Work instructions » Locate the line that contains "WORKPRO 4-Piece Putty" in the entries below, then repeat it and every following line through the line that contains "Seed Bead Braided Knot Necklace Multi", exactly, and no others.

::: Records supplied

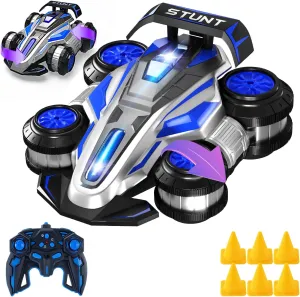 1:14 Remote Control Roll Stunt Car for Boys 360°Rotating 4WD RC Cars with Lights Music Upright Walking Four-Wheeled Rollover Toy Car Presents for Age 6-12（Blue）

::::::
::: Records supplied

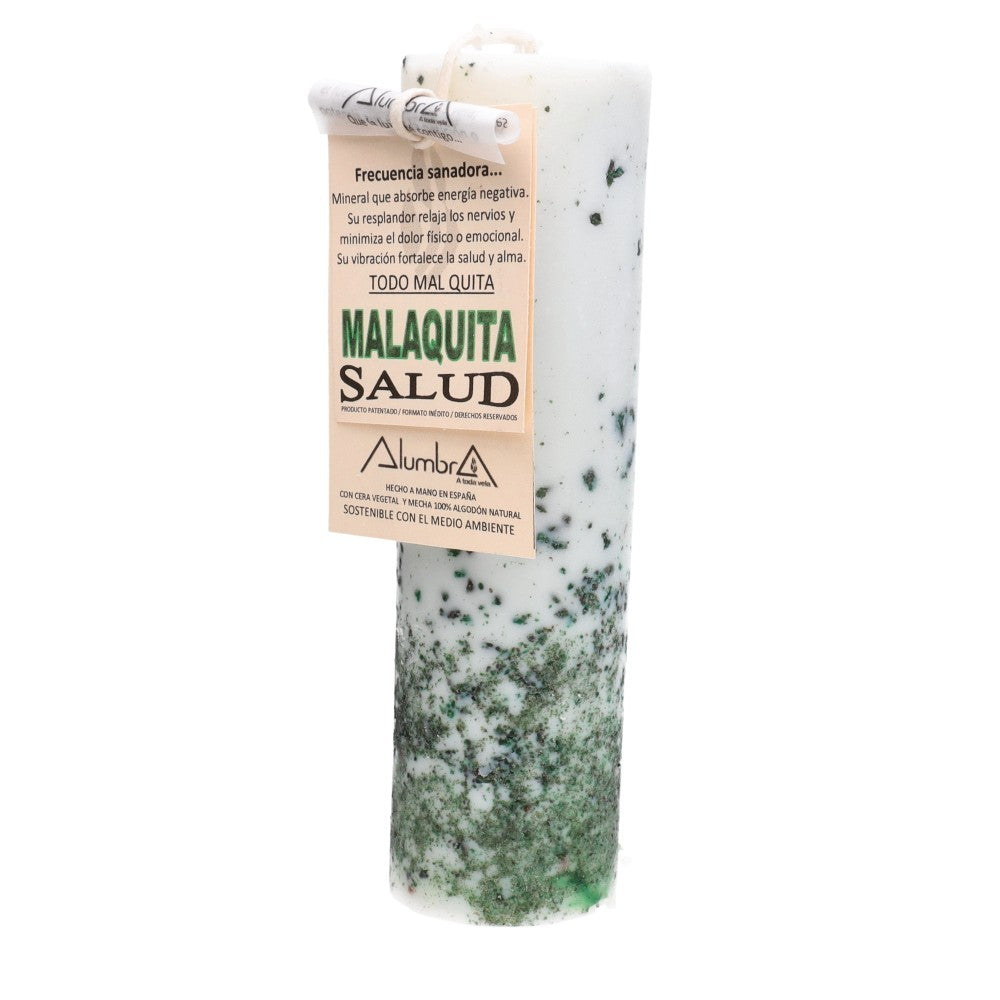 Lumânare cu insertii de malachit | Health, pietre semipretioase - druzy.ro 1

::::::
::: Records supplied

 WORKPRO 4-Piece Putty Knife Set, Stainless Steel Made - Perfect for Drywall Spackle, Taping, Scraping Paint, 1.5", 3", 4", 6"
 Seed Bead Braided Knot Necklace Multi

::::::

Expected answer »
 WORKPRO 4-Piece Putty Knife Set, Stainless Steel Made - Perfect for Drywall Spackle, Taping, Scraping Paint, 1.5", 3", 4", 6"
 Seed Bead Braided Knot Necklace Multi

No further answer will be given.